--- DATA SHOWN Enclosed Below ---

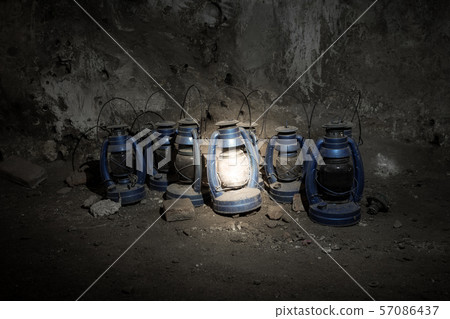 Old lamp in the cave The only light emitting. 57086437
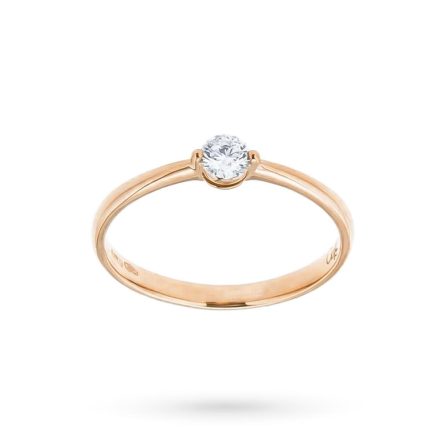 Anillo oro rosa con diamantes talla brillante 0,20ct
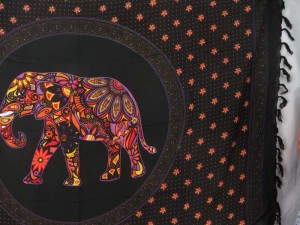 mosaic lucky elephant mandala circle sarong orange black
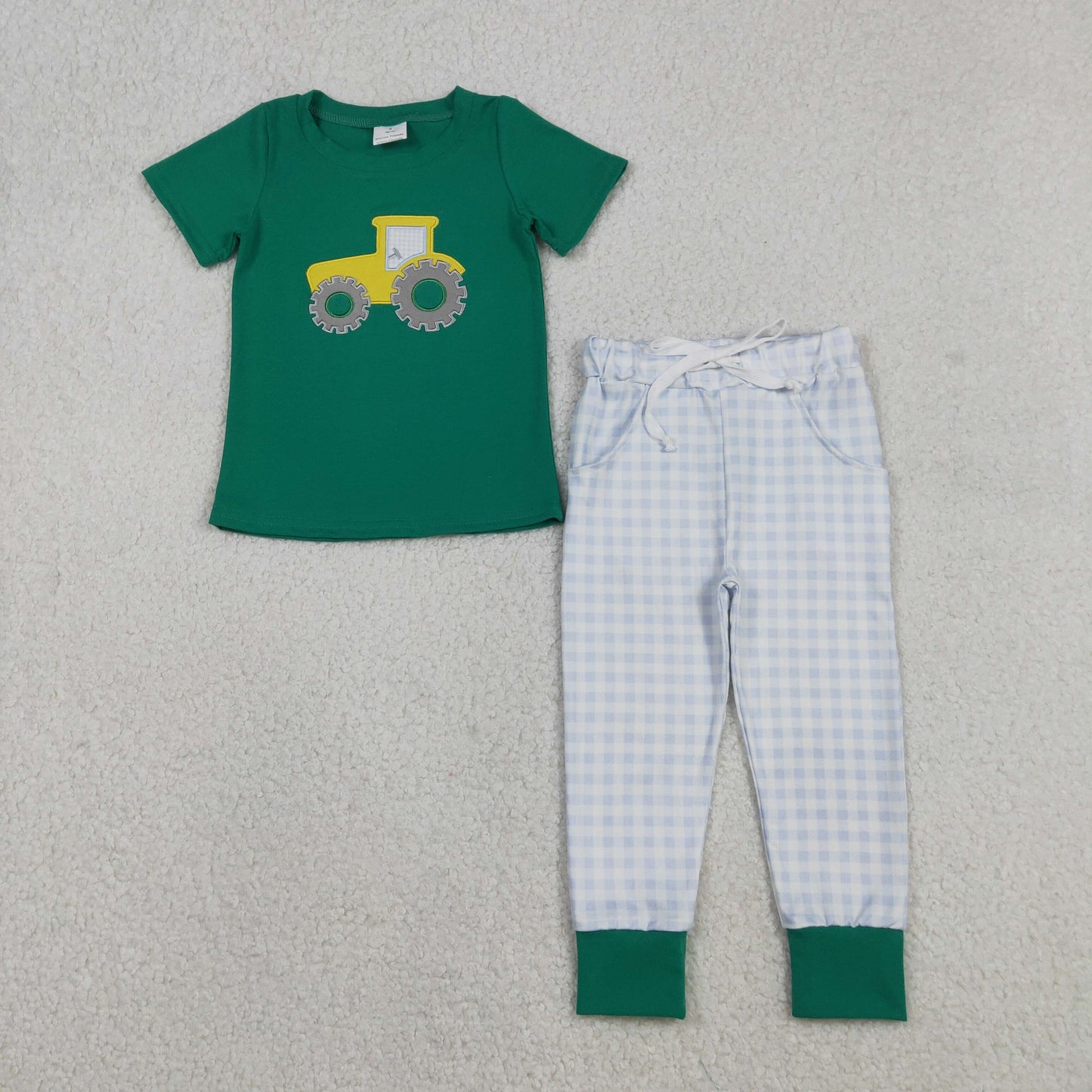 RTS NO MOQ（In Stock) Embroidered Tractor Green Short-Sleeve T-Shirt and Blue Plaid Pants Set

--- End of Enclosed DATA SHOWN ---

WORK REQUEST: No pictures, please. Output the listing above exactly as it stands.

RESPONSE TO THIS EXERCISE:
 Old lamp in the cave The only light emitting. 57086437
 Anillo oro rosa con diamantes talla brillante 0,20ct
 mosaic lucky elephant mandala circle sarong orange black
 RTS NO MOQ（In Stock) Embroidered Tractor Green Short-Sleeve T-Shirt and Blue Plaid Pants Set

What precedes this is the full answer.